Have you ever gotten to know an illiterate person? Have you spoken with them, listened to the challenges they face, and realized all the opportunity they are cut off from simply because they cannot read? It’s startling.
Especially in a country like the U.S., being able to read is fundamental to any hope of a successful future, but it hasn’t always been that way. In 1440 when Johannes Gutenberg invented the printing press, only about 30% of European adults were literate. By 2008, UNESCO reported that 83% of adults worldwide could read and 98% of American adults were literate.
Back before 1440, it probably didn’t matter that much if you couldn’t spell your town’s name or read the local bulletins. You’d still enjoy the fullest benefits your community had to offer. Reading was more like a specialized skill for a few professions…until it went viral with the printing press and became an essential skill for functioning at the most basic level.
Will the capacity to read and write software code follow a similar trajectory? Code.org and Computer Science Education Week’s Hour of Code campaign happening this week claim that it will, and schools across the country are incorporating an hour of basic coding curriculum with games, art and apps to capture the interest of most any kid and introduce them to the world of software development. Computer Science Education Week put together this year’s Hour of Code. It’s held annually the week of December 9th in honor of Grace Hopper’s birthday. Nothing short of a bad ass, she was a remarkable U.S. Navy rear admiral, computer scientists, and one of the world’s first programmers.
My daughter’s a bit young for Hour of Code, aimed mostly at middle and high school students, but fellow parents of elementarians can still encourage participation using resources on CSEdWeek.org. Khan Academy also put together a special curriculum for the week in addition to their ever-entertaining regular programming lessons.
As excited as I am about this, I do wonder if the correlation between reading and programming literacy is a bit overblown. Especially with all the celebrity shine adding feel-good attraction, it’s easy to get caught up in the movement. I admit I am, and don’t plan to back away. I want my kid to fall in love with programming, and am totally inspired by the opportunities is could open up for her. If you haven’t seen this, watch it and try not to find the nearest kid and preach to them about the joys of CS.
As a group of programmers and software testers in the fray of the industry, I wanted to pose this question to you; do you think the software industry is really as influential as CSEdWeek and Code.org are making it out to be? Check out this clip from code.org:
Are we truly entering an era where coding illiteracy could eventually leave you at a disadvantage comparable with reading illiteracy today?
When you really look into it, it’s easy to draw parallels between the software revolution and “the golden age of literacy.” And initiatives to encourage interest in computer science backed by some very smart people are popping up in all progressive education circles, joining the call of older STEM programs to recognize the growing opportunities and risks inherent in our increasingly techno-enhanced global economy. Proponents insist on a push to teach our youth to program in order to ensure future workforce readiness and national competitiveness.

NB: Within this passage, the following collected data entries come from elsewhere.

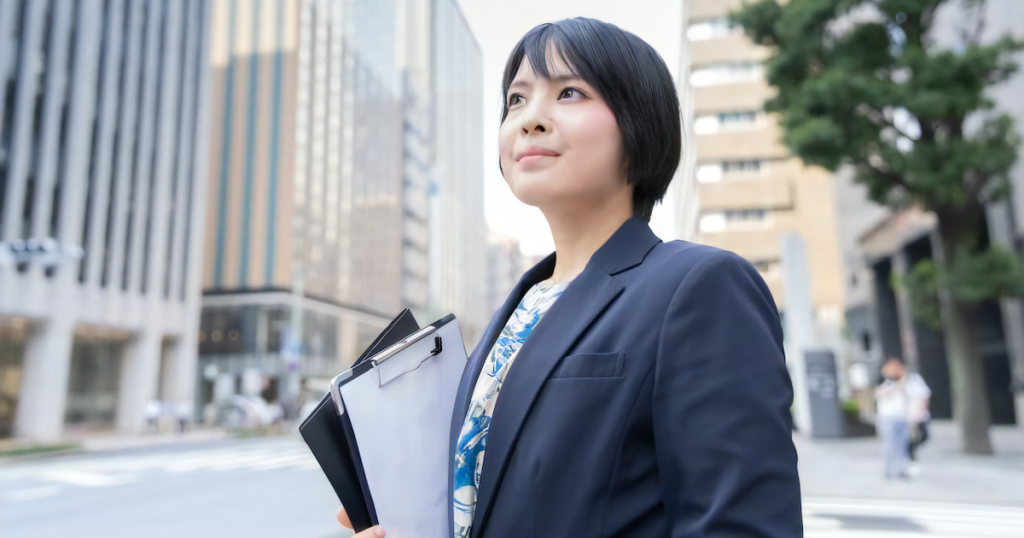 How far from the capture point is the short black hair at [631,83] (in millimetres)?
898

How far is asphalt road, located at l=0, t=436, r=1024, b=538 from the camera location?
5.32 m

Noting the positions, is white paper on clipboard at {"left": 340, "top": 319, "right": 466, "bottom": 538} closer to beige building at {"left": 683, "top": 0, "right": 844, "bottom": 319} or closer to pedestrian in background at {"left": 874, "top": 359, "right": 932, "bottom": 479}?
pedestrian in background at {"left": 874, "top": 359, "right": 932, "bottom": 479}

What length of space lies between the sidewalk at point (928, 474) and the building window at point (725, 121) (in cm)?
1714

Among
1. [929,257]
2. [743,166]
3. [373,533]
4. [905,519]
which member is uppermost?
Answer: [743,166]

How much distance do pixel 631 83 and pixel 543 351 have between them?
0.38 metres

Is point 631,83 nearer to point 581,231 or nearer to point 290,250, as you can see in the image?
point 581,231

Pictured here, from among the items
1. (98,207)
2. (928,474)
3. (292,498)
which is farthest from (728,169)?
(292,498)

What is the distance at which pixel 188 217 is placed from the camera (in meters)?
29.0

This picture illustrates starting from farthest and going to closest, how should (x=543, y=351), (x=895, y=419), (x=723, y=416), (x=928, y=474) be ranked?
(x=928, y=474) < (x=895, y=419) < (x=543, y=351) < (x=723, y=416)

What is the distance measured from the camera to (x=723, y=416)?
658 millimetres

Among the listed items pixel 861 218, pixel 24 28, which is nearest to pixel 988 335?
pixel 861 218

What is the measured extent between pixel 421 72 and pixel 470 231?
20329mm

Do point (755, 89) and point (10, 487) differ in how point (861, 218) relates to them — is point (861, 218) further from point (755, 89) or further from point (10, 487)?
point (10, 487)

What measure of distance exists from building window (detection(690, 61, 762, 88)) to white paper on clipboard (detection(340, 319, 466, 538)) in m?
28.2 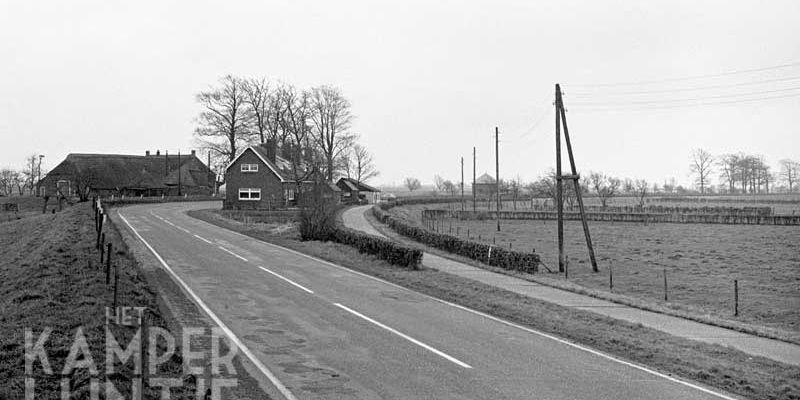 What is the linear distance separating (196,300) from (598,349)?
10682 mm

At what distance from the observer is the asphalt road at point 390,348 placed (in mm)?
10742

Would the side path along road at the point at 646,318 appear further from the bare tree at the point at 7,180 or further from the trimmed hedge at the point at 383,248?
the bare tree at the point at 7,180

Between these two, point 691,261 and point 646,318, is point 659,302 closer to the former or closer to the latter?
point 646,318

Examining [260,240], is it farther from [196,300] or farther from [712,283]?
[712,283]

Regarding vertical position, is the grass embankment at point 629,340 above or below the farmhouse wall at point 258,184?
below

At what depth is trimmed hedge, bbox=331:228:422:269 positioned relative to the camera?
92.5 feet

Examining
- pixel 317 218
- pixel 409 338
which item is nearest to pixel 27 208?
pixel 317 218

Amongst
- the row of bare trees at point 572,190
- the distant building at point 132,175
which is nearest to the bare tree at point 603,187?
the row of bare trees at point 572,190

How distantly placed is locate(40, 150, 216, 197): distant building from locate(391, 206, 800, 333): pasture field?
48.2 meters

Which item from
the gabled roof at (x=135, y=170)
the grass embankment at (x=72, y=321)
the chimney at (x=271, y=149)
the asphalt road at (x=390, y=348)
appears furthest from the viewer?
the gabled roof at (x=135, y=170)

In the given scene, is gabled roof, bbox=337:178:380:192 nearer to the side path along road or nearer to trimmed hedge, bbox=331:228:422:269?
trimmed hedge, bbox=331:228:422:269

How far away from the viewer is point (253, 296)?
773 inches

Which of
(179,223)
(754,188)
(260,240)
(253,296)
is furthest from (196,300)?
(754,188)

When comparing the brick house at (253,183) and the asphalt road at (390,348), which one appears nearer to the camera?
the asphalt road at (390,348) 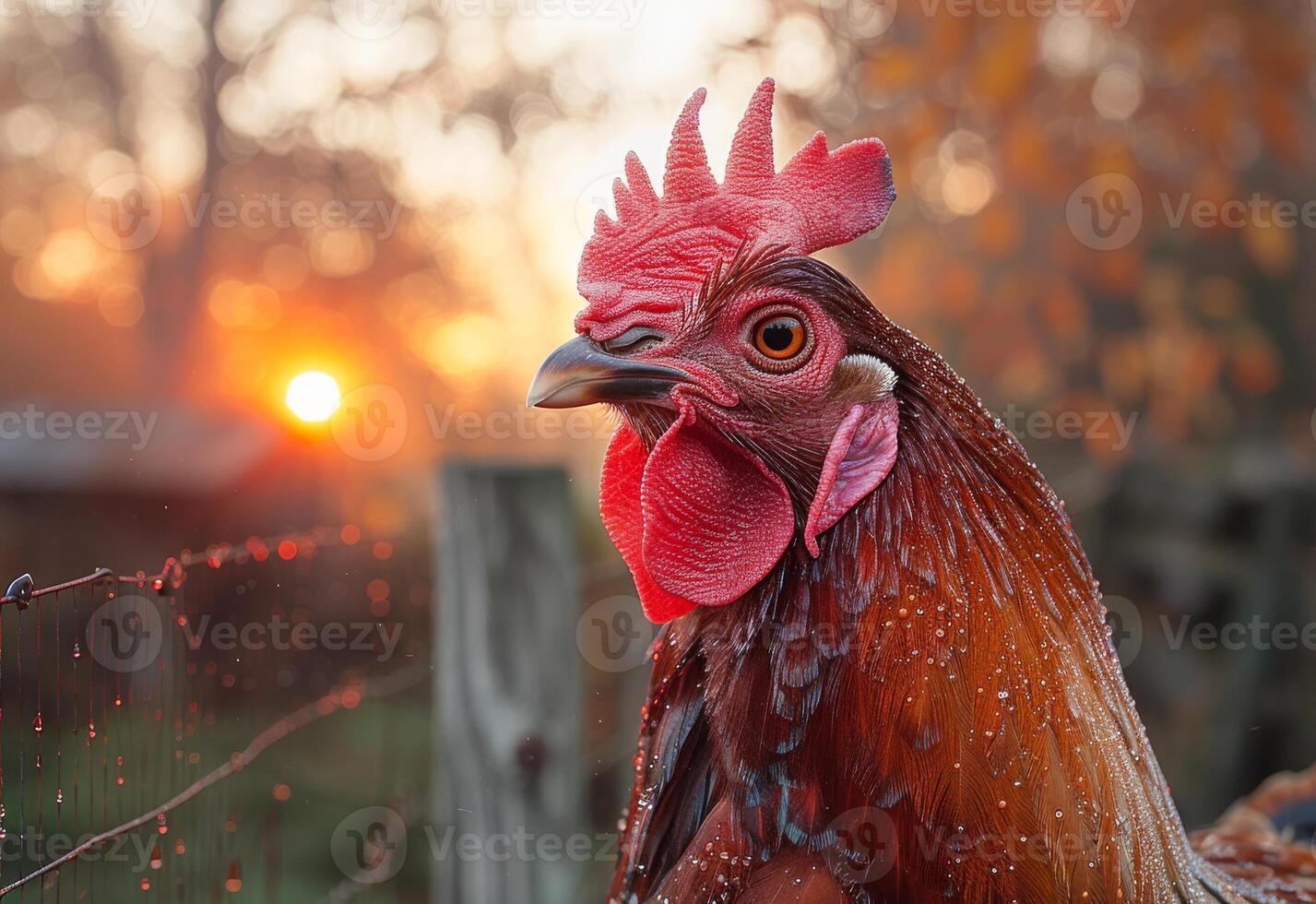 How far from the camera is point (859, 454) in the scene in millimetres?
1711

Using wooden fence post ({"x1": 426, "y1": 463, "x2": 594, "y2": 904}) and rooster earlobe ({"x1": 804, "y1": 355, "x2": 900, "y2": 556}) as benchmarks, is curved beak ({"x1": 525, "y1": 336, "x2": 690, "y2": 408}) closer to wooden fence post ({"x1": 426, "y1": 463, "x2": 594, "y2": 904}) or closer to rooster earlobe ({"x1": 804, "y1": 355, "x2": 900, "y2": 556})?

After working in several industries, and researching many more, I do see software as an integral and driving aspect in the future of them all. I can imagine a world where not being able to look at some lines of code and at least loosely decipher the meaning would be a great ignorance. Yet, as someone who’s seen the poverty-inducing reality of reading illiteracy in my community, I can’t totally get behind the analogy, and that is likely why I’m pushing the issue a bit. Logically, I get it. Just like reading was once a skill of a small subset of the population and often allocated to particular professions, software coding is following a similar trajectory.
Even if we could predict the future and say absolutely that coding illiteracy will leave your children homeless and unloved, I have another concern about the overly driving home the urgency of learning to code for future success. If we push computer science on kids with the explicit or subtle message that they will be failures if they don’t learn it (like so many other STEM subjects), will we damper any natural interest? It’s a delicate balance to inspire rather than push, to encourage and provide opportunity rather than emphasize certain types of learning over others, and to prepare for the future rather than squash natural aptitudes.
How easy is it for that impulse to find the nearest kid and, rather than preach about the joys of software development, preach about how they must learn to program or fail? As parents and teachers, we know that sliding from inspiration to worry is as seamless as the setting sun. Vanessa from Girl Develop IT totally got me in the above video. Who wants their kid or any kid to be the “victim of other people’s choices?!”
So, I wonder: Is the fear that my kid will be left behind without discovering an interest in software coding needless or overly myopic? Is programming really the new world literacy?